About this exercise:
An exact copy of every entry is required, minus the pictures.

Data for processing:
-- -- --

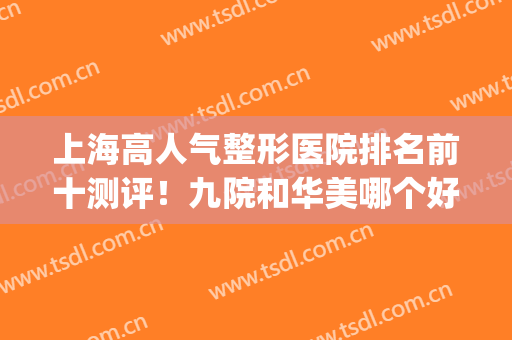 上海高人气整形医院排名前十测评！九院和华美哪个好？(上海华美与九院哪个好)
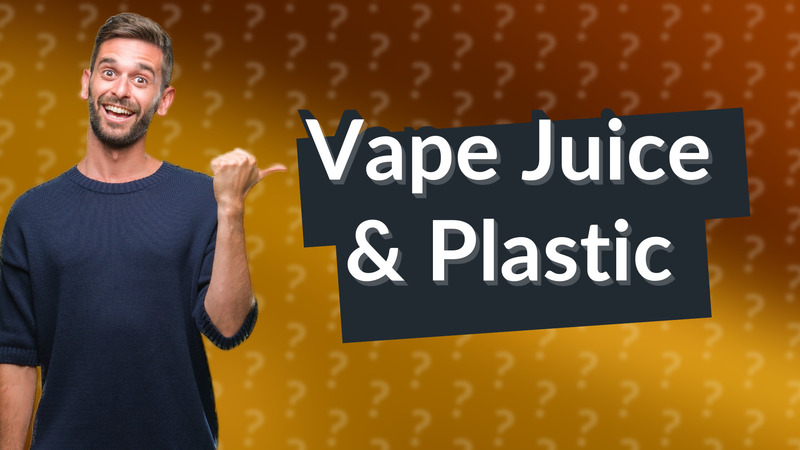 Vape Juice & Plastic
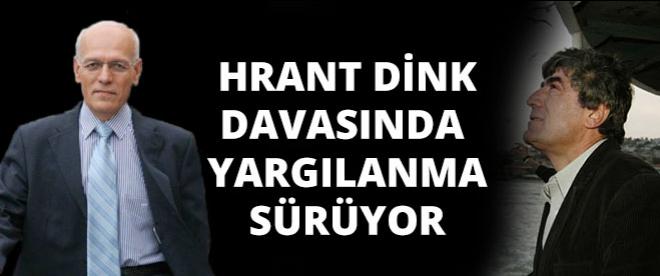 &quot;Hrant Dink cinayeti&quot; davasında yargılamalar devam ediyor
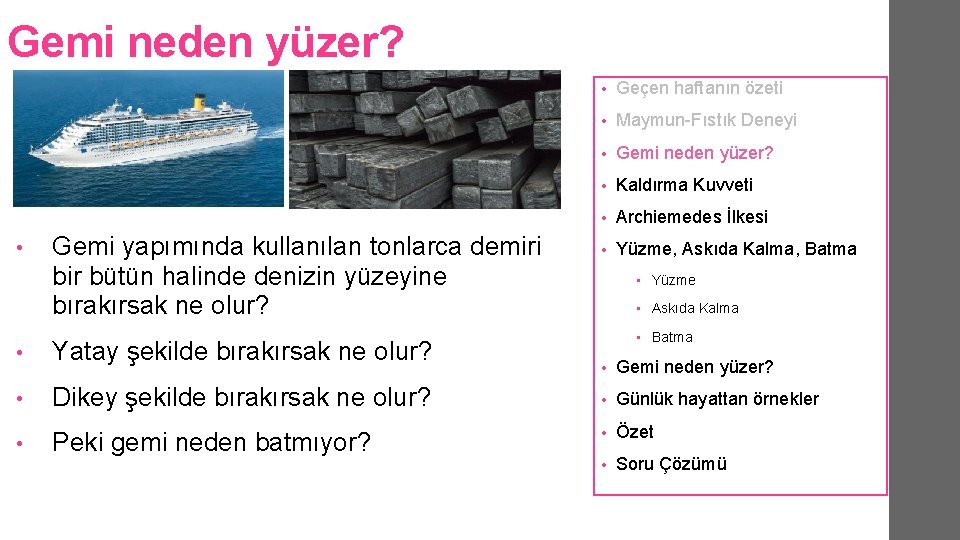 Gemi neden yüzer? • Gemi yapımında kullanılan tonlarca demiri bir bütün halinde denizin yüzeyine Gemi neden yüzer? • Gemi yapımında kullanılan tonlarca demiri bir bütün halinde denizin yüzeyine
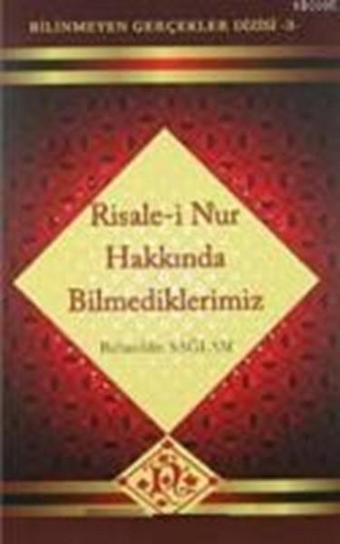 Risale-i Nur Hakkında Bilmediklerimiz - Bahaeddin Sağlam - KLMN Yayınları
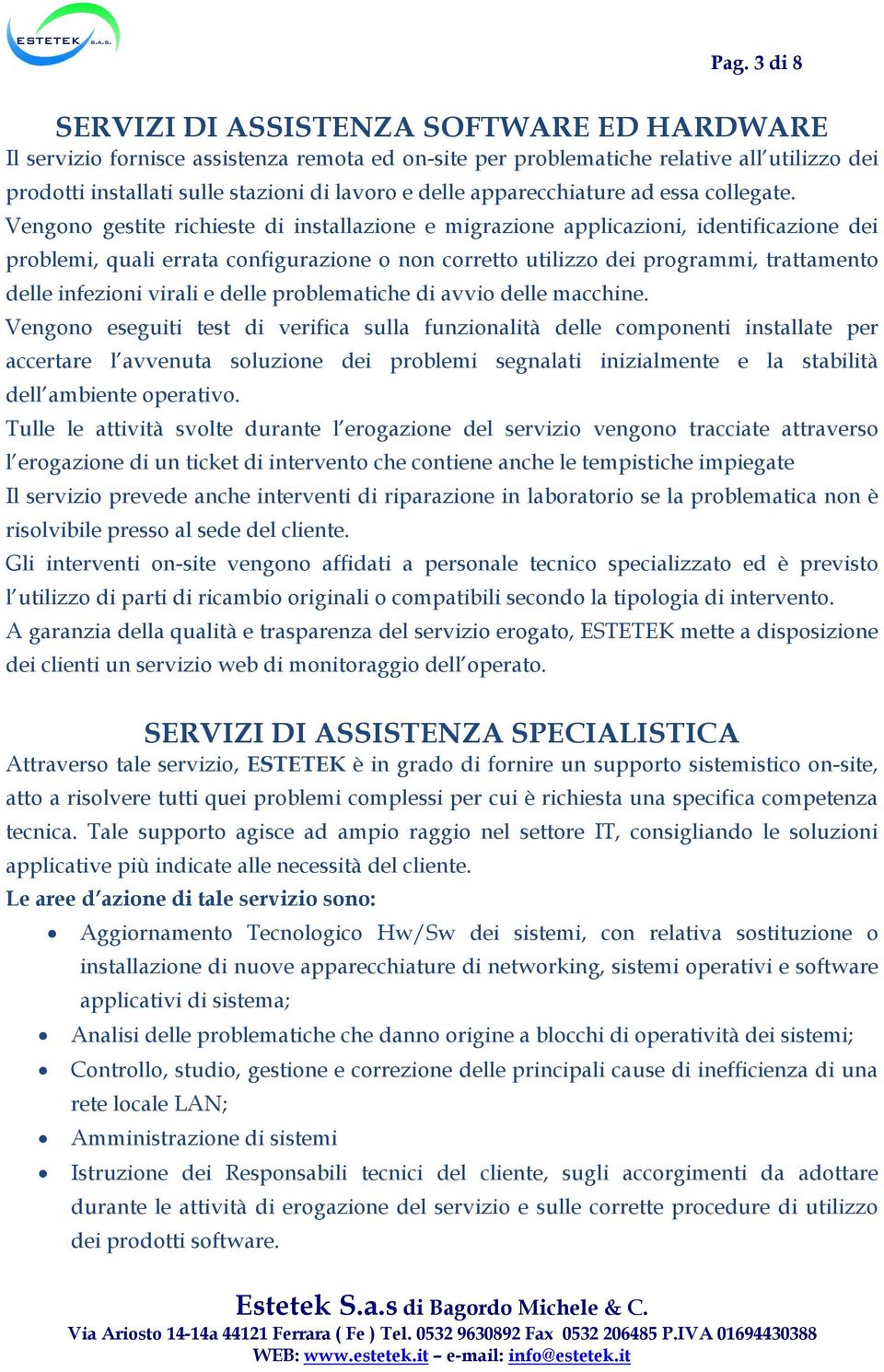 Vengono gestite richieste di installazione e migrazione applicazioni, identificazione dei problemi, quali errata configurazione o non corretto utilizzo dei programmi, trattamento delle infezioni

-- -- --

Answer to this task:
 上海高人气整形医院排名前十测评！九院和华美哪个好？(上海华美与九院哪个好)
 Vape Juice & Plastic
 &quot;Hrant Dink cinayeti&quot; davasında yargılamalar devam ediyor
 Gemi neden yüzer? • Gemi yapımında kullanılan tonlarca demiri bir bütün halinde denizin yüzeyine Gemi neden yüzer? • Gemi yapımında kullanılan tonlarca demiri bir bütün halinde denizin yüzeyine
 Risale-i Nur Hakkında Bilmediklerimiz - Bahaeddin Sağlam - KLMN Yayınları
 Vengono gestite richieste di installazione e migrazione applicazioni, identificazione dei problemi, quali errata configurazione o non corretto utilizzo dei programmi, trattamento delle infezioni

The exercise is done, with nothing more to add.